Por Virginia Latorre, directora ejecutiva de Fundación Emma.
El día de la madre siempre es una oportunidad para reflexionar sobre el trato que está recibiendo la maternidad en nuestra sociedad. En este sentido llaman la atención afirmaciones que surgen recurrentemente y que hacen referencia a que las mujeres deberían planificar mejor sus embarazos, postergarlos, disminuir el número de hijos o simplemente no tenerlos. Esto, pensando en la relación de causalidad que se ha establecido entre la pobreza y la presencia de hijos en los sectores más vulnerables. Detrás de estas afirmaciones, más que un análisis desapasionado de una realidad compleja, predomina la estereotipación que tanto nos está costando superar en Chile.
Ayudaría mucho primero desmitificar algunas ideas preconcebidas como, por ejemplo, que las mujeres de escasos recursos tienen muchos hijos, cuando lo cierto es que el promedio de hijos por mujer de estos grupos es de 2 (Casen 2017). A esto habría que agregar que miles de mujeres con niños en edad preescolar no eran pobres al momento de concebir a sus hijos, sino que han caído en la pobreza por el hecho de ser madres, constatando de esta manera que el empobrecimiento por razón de maternidad es una de las problemáticas sociales más graves que afectan a nuestro país.
Entre los factores que influyen en este fenómeno podemos destacar, primero, la normalización social del ausentismo paterno en sus distintas formas que se manifiesta, por ejemplo, en que casi un tercio de los hogares en Chile sean monoparentales femeninos, siendo su incidencia en pobreza una de las más altas (Casen 2020).
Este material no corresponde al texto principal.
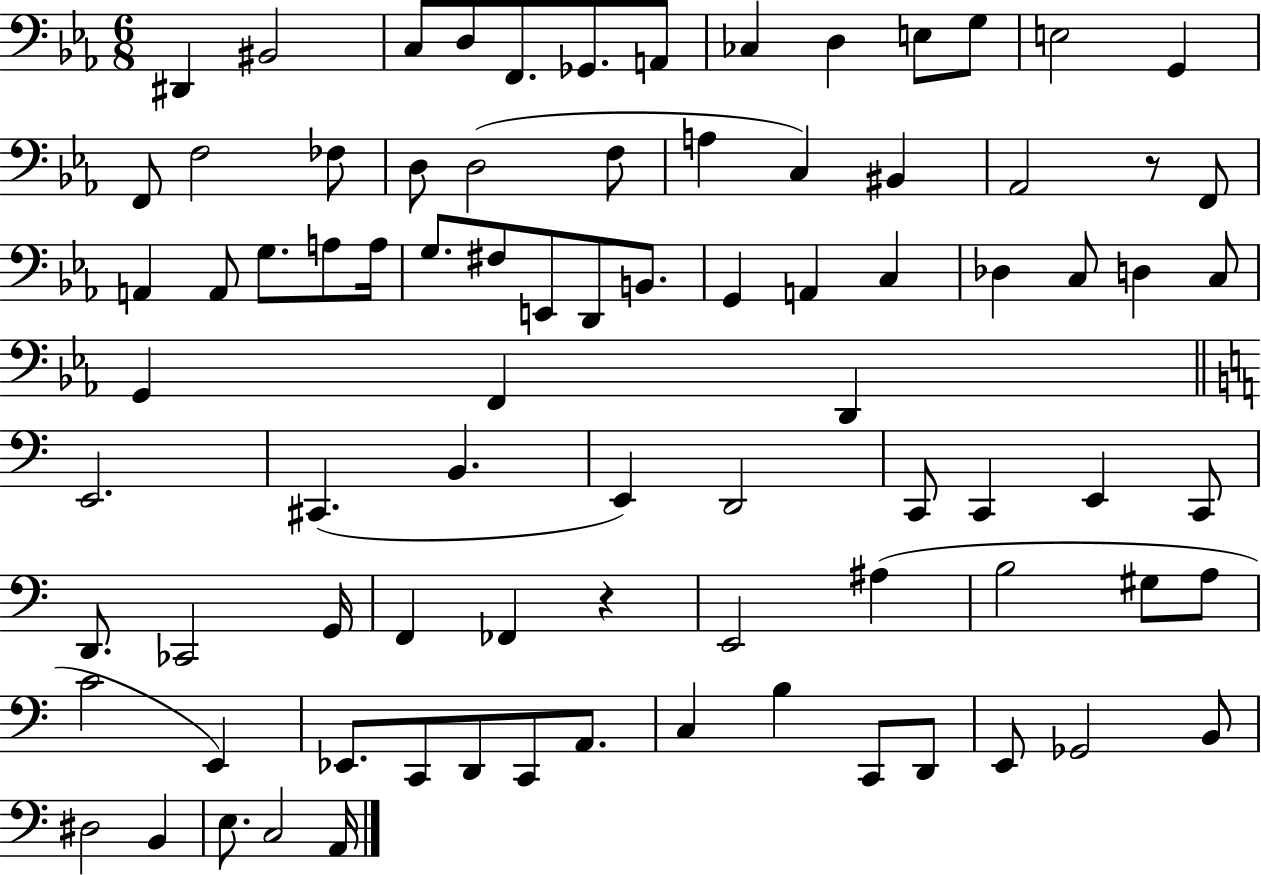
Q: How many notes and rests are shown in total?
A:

Asimismo, el mercado laboral se comporta como un factor de riesgo en vez de protector, aumentando la vulnerabilidad de las mujeres que participan en él cuando son madres. La conciliación de la maternidad y la escasa flexibilidad en el trabajo hacen que estos sean difícilmente compatibles, debiendo la mujer optar por trabajos precarios e informales. En esta etapa sus ingresos se contraen un 30% y el tránsito hacia la informalidad laboral aumenta (Berniell, 2019).
Por último, cabe mencionar el deficitario sistema de apoyo al cuidado, en especial en materia de salas cuna y jardines infantiles. Su escasez, con sólo un 32% de cobertura (OCDE 2018), dificulta que la madre sin suficientes redes de apoyo se pueda mantener o insertar laboralmente. Así, la guardería sin certificación está siendo una opción tanto o más insegura que la informalidad laboral.
Podríamos convenir, entonces, que para la superación de la pobreza y la extrema vulnerabilidad que afecta a las madres y, por ende, a los niños y niñas, debemos ser más rigurosos y humanos a la hora de mirar los números y muy respetuosos de las experiencias de las personas que están siendo impactadas por esta realidad. No debiera ser la maternidad causa de empobrecimiento de mujeres y sus hijos, así como ninguna madre debiera ser castigada socialmente por el hecho de serlo siendo pobre. La discriminación de la que es víctima impacta en la vida de un niño, por ende, en la vida de todos y todas. No podemos seguir escuchando frases tan indignas e indignantes como “para qué tuvo un hijo entonces”.
La focalización de esfuerzos legislativos, políticos y económicos para una real corresponsabilidad social y parental que contribuya a apoyar a los grupos de madres con más incidencia en pobreza no están en la agenda. La única agenda que está copada es la de ellas, debiendo sostener fuertes condiciones de estrés. La maternidad y, en especial la maternidad en situación de vulnerabilidad, no puede seguir siendo un punto ciego en nuestras políticas públicas y sociales. De esto depende la superación de las brechas más profundas de desigualdad de género y de desarrollo infantil. El giro en este sentido es el más certero, no sólo en razón de mejorar indicadores, sino como un signo de humanidad por parte de una comunidad que cuida y protege cuando debe hacerlo.